DATA LISTING START
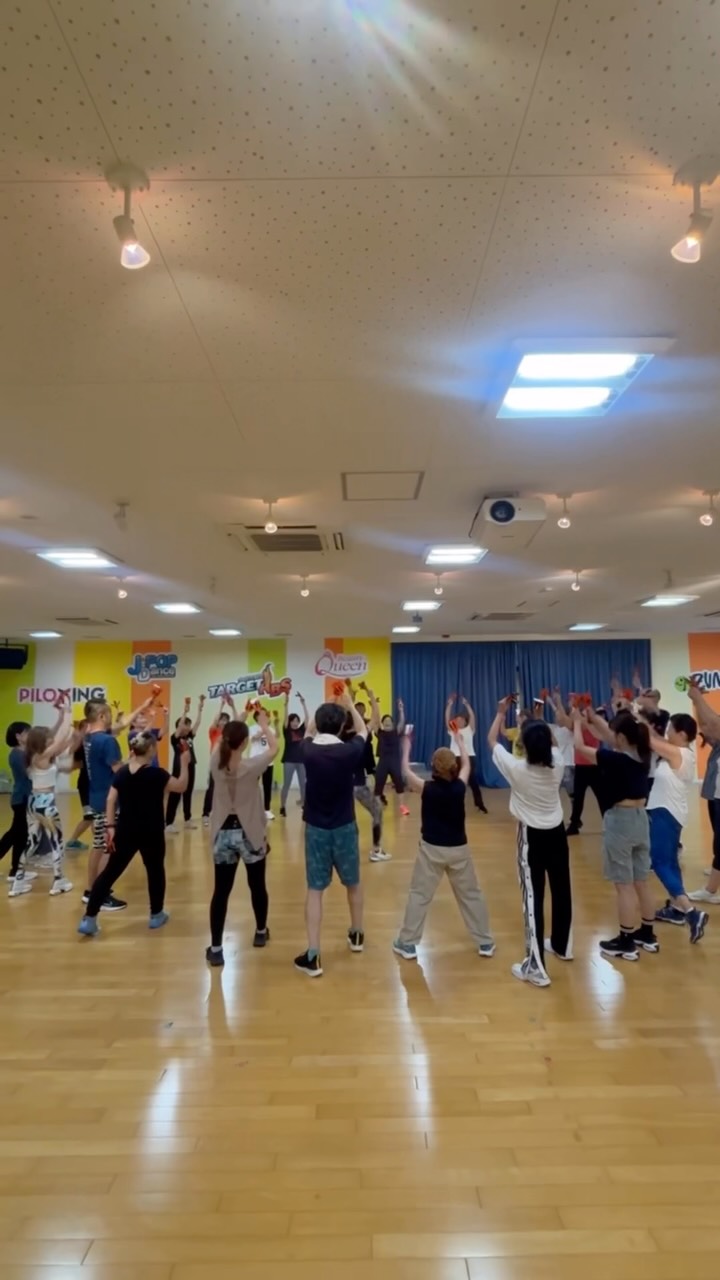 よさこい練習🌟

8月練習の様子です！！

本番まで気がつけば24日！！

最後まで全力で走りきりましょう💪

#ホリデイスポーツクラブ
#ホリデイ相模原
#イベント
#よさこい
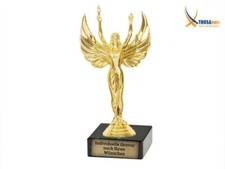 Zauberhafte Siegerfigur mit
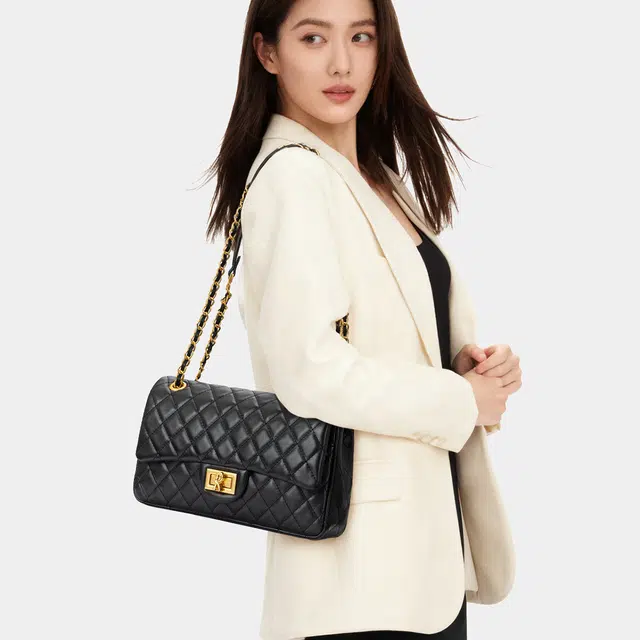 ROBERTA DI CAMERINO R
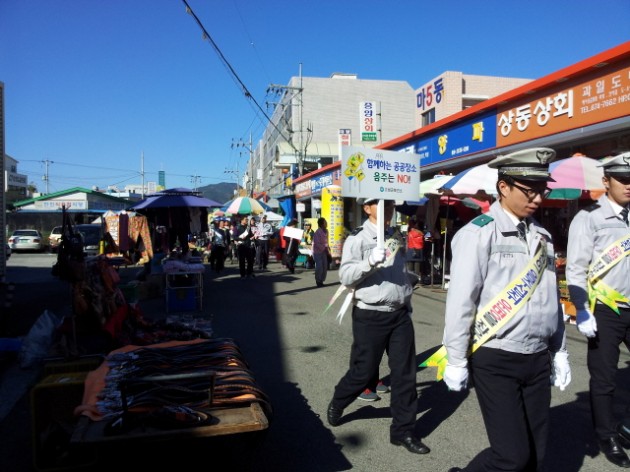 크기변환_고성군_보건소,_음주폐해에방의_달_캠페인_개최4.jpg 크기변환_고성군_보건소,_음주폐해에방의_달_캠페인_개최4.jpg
DATA LISTING END
» **TASK STATEMENT**
Copy every record exactly, but skip the pictures.

» **THE ANSWER**
 よさこい練習🌟

8月練習の様子です！！

本番まで気がつけば24日！！

最後まで全力で走りきりましょう💪

#ホリデイスポーツクラブ
#ホリデイ相模原
#イベント
#よさこい
 Zauberhafte Siegerfigur mit
 ROBERTA DI CAMERINO R
 크기변환_고성군_보건소,_음주폐해에방의_달_캠페인_개최4.jpg 크기변환_고성군_보건소,_음주폐해에방의_달_캠페인_개최4.jpg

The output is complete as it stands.